(Collected data entries)
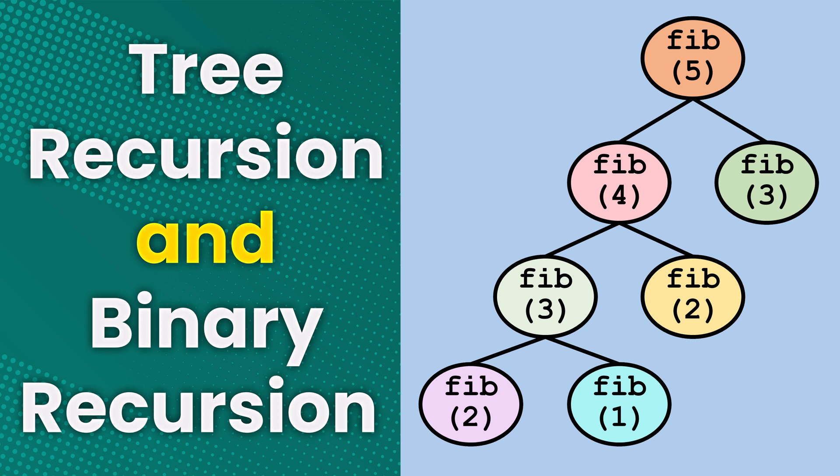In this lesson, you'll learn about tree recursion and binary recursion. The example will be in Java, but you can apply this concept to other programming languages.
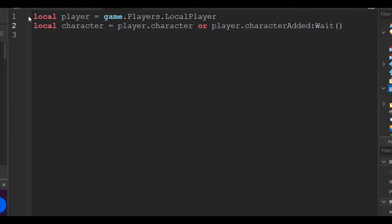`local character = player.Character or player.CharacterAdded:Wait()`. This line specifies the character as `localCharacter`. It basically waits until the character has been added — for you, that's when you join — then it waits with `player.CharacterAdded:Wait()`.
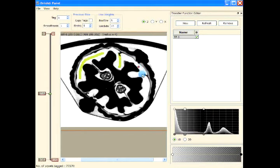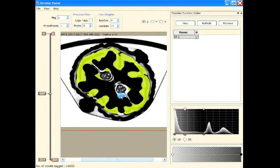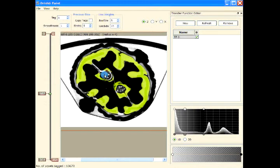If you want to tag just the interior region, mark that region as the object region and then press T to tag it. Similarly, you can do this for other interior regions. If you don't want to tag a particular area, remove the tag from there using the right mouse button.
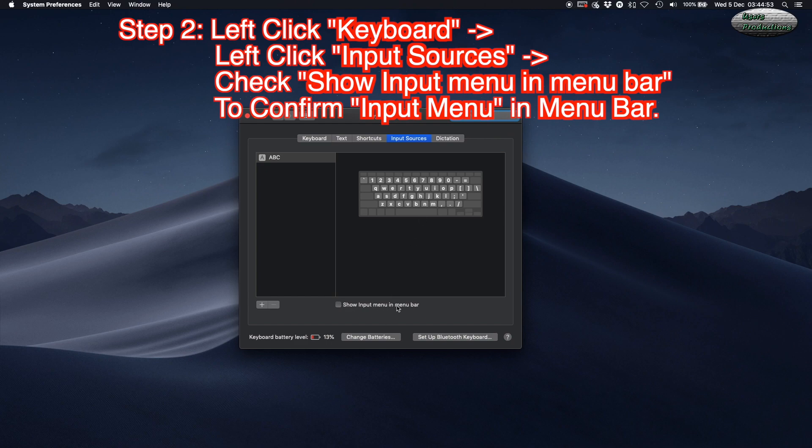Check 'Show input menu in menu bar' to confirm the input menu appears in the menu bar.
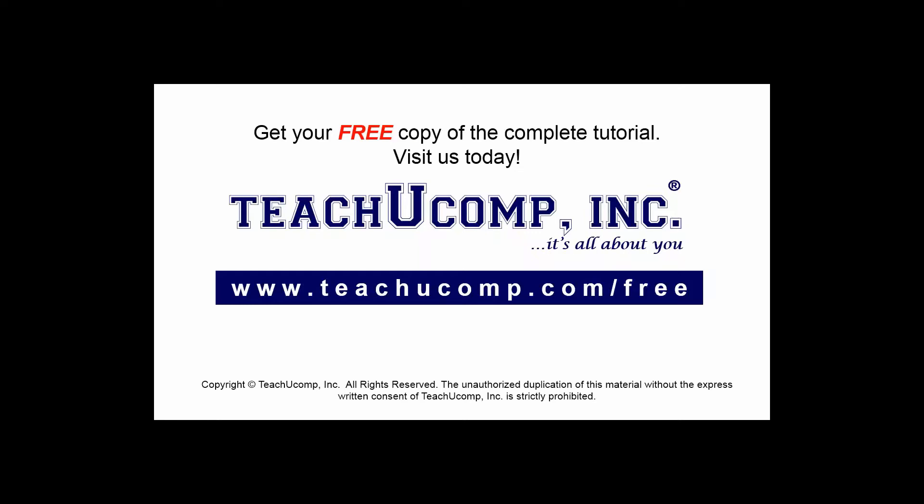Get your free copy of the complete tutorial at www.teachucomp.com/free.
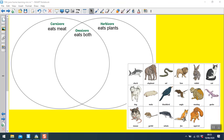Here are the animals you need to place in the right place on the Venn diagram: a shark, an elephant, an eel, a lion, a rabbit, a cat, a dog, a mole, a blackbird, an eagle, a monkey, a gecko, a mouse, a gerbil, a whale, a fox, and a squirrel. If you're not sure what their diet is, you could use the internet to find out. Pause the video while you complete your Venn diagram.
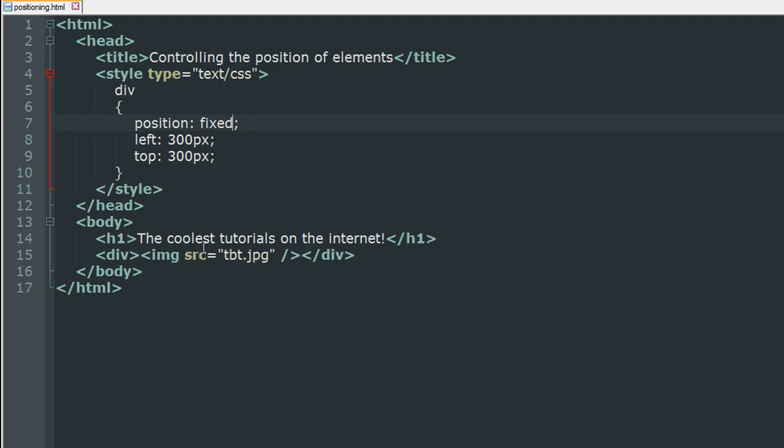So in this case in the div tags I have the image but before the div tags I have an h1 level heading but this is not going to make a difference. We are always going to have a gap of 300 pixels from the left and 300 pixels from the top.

▶ **What to do**:
Leaving the images behind, set down every entry word for word.

▶ **Completed task**:
In this lesson, you'll learn about tree recursion and binary recursion. The example will be in Java, but you can apply this concept to other programming languages.
`local character = player.Character or player.CharacterAdded:Wait()`. This line specifies the character as `localCharacter`. It basically waits until the character has been added — for you, that's when you join — then it waits with `player.CharacterAdded:Wait()`.
If you want to tag just the interior region, mark that region as the object region and then press T to tag it. Similarly, you can do this for other interior regions. If you don't want to tag a particular area, remove the tag from there using the right mouse button.
Check 'Show input menu in menu bar' to confirm the input menu appears in the menu bar.
Get your free copy of the complete tutorial at www.teachucomp.com/free.
Here are the animals you need to place in the right place on the Venn diagram: a shark, an elephant, an eel, a lion, a rabbit, a cat, a dog, a mole, a blackbird, an eagle, a monkey, a gecko, a mouse, a gerbil, a whale, a fox, and a squirrel. If you're not sure what their diet is, you could use the internet to find out. Pause the video while you complete your Venn diagram.
So in this case in the div tags I have the image but before the div tags I have an h1 level heading but this is not going to make a difference. We are always going to have a gap of 300 pixels from the left and 300 pixels from the top.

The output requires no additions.